Urine samples from healthy and injured kidneys contain tubular-derived cells expressing a variety of molecules that reflect the ongoing intra-renal and intra-tubular status. Urine samples represent a useful tool to detect biomarkers for kidney disease. In this study we have successfully used RNA detection in non-invasively collected urine samples to perform quantitation of mRNA transcripts for AGT, renin, IL-18, CTGF, KIM-1 and NGAL by qPCR. The qPCR technique has been widely used and validated in absolute and relative quantification of mRNA from tissues and body fluids. Transcript mRNAs levels were normalized in relation to 18S RNA using the 2−ΔΔCт method. Although some reports suggest that GAPDH are preferable to 18S rRNA for urine analysis46, quantification and amplification of 18S rRNA ensure PCR quality and reproducibility (see “Method” section). The 18S rRNA has been used for normalization of the expression of a specific gene in urinary cell mRNA profiles for the prediction of human kidney allograft status47 and in inflammatory cells for the detection of variations in cytokine and inflammatory expression48. In our study, the 18S rRNA transcript levels were not significantly different between the patient groups and showed low variability among samples examined by melting curves in different urine samples (data not shown). Urine samples from healthy subjects were additionally used to perform non-quantitative PCR using the qPCR primer sets. Figure 3C illustrates the PCR products of each gene analyzed. We demonstrated the presence of AQP-2, which indicates that some of the desquamate epithelial cells arise from distal nephron segments. Given the criteria used for participant exclusion, it is unlikely that transcripts detected in urine reflect another source such as blood cells or small vesicles able to traverse a healthy glomerular filtration barrier.

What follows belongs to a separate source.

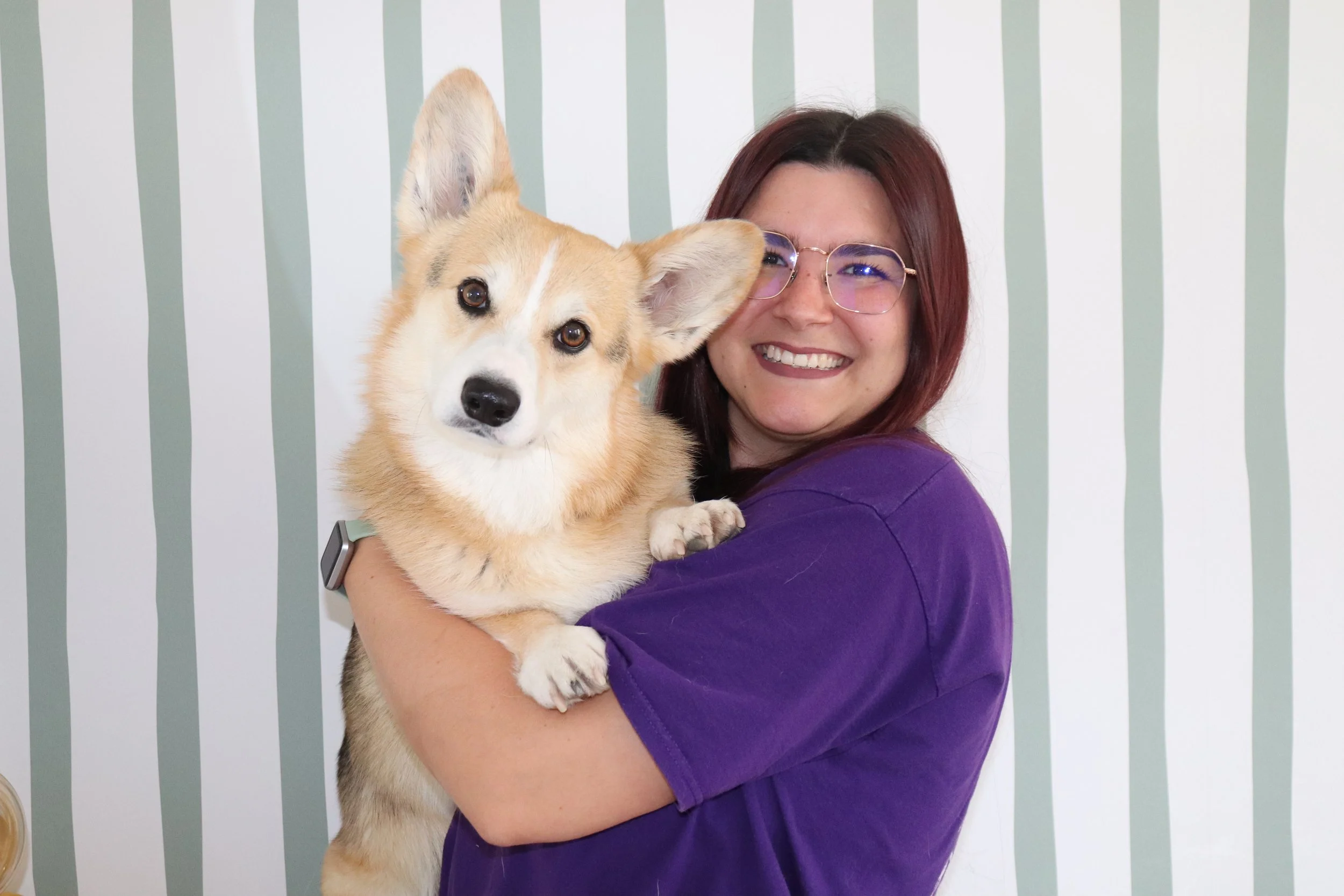 Photo d'Emeline Pogorbsky et son chien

Our findings are supported by previous studies demonstrating that injury and inflammatory markers are augmented in obesity and associated with increased oxidative stress49. Singh et al. showed that urinary TNF-alpha is significantly elevated in obese adolescents and correlates with urinary endothelin-1, a biomarker for endothelial dysfunction. The authors also propose that TNF-alpha may be used as a non-invasive tool to monitor the level of inflammation in obesity, which is a chronic inflammatory state50.

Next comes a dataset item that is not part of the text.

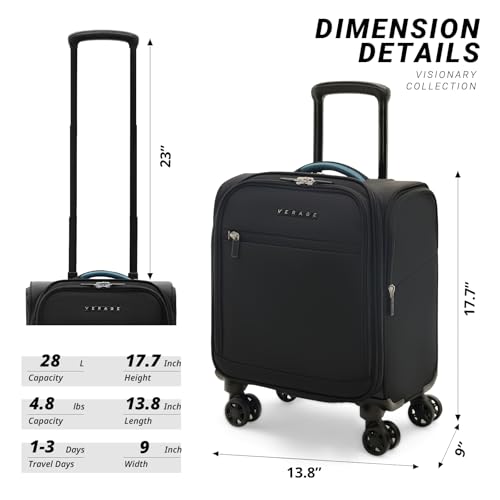Underseat Carry On Luggage with Wheels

It has been suggested that changes in urinary renin levels in patients with diabetes occur independently of changes in plasma renin, indicating involvement of the activated renal RAS. Therefore, urinary renin may be a better indicator of renal RAS activity than urinary angiotensinogen or aldosterone51. Tang et al.52 demonstrated that renin levels are greater in the urine of both patients with diabetes and mice with induced diabetes type I. To examine the role of filtration and tubular reabsorption on urinary renin, the authors used mice infused with recombinant renin and lysine, which is an inhibitor of proximal tubular protein reabsorption. Lysine infusion markedly increased urinary renin levels between both nondiabetic and diabetic mice, such that there was little difference between the two groups. The authors also showed no differences between the levels of renin transcripts in micro-dissected collecting ducts of diabetic mice and that of wild-type mice, suggesting that most of the renin detected in the urine under diabetic conditions is a result of altered renin filtration and impaired reabsorption at the proximal tubules52.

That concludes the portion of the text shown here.